いわゆる「市場原理主義」「新自由主義」には実体が皆無。

ある論者は「働く人の暮らしよりも、お金を生み出す効率を優先するという新自由主義の考え方が行き着くところまで行っての大破局だ」と指摘しています。

しかし筆者は、「働く人の暮らしよりも効率が優先だ」という議論を聞いたことがありませんし、そのように主張する人に会ったこともありません。

 そもそも、働く人の暮らしを豊かにするためには、働く人1人当たりの平均付加価値生産性を高めなければなりません。そのためには効率化が必要で、最も有効な効率化の手段は、市場原理に基づくインセンティブを働かせることです。

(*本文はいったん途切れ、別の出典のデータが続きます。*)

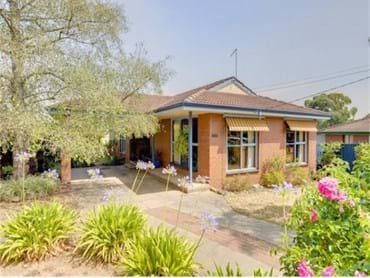 Buy property Ballarat; Buyers Agent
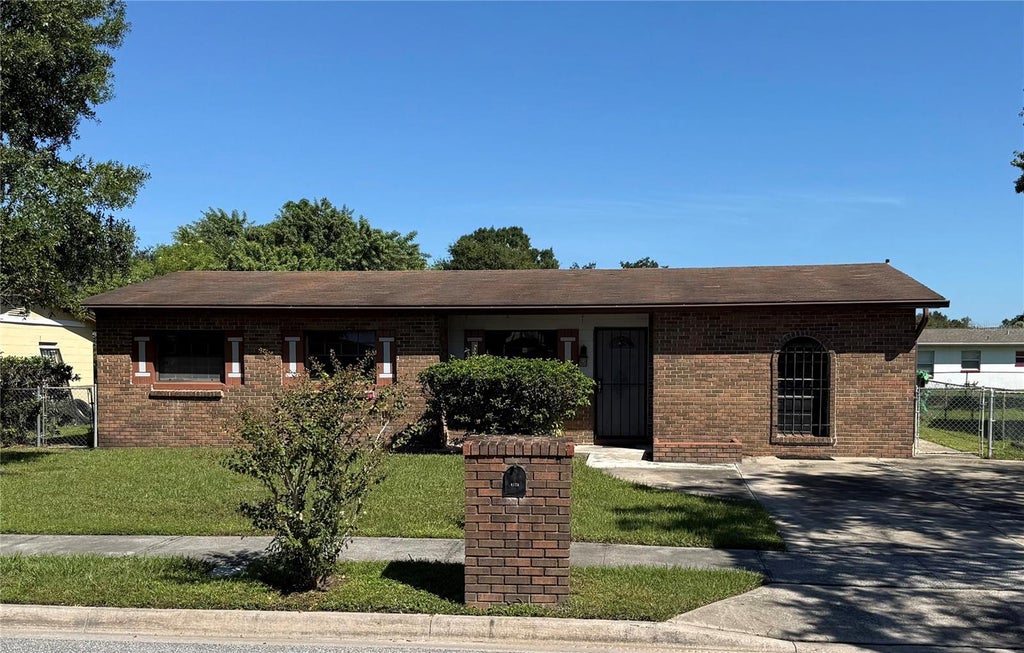 Photo of 4723 Piedmont Court, Orlando, FL 32811 (MLS # O6440246)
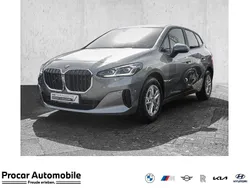 Grau Gebraucht 2022 BMW 218 Performance Kombi | 28.990 € (Fairer Preis)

つまり市場原理をできるだけ生かすことによって経済活動を効率的にしようとするのは、人々の暮らしを豊かにするためなのです。どちらがどちらかに優先するという話ではありません。

 要するに、今回の危機を契機として市場原理的な考え方を批判する人たちは、もともと存在しなかった主張を対象に批判を展開しているように思われます。

こうした批判が行き過ぎて、市場原理が本来持っている利点を発揮できないような社会になっていくと、それによって国民の福祉水準は低下してしまうだろうと思います。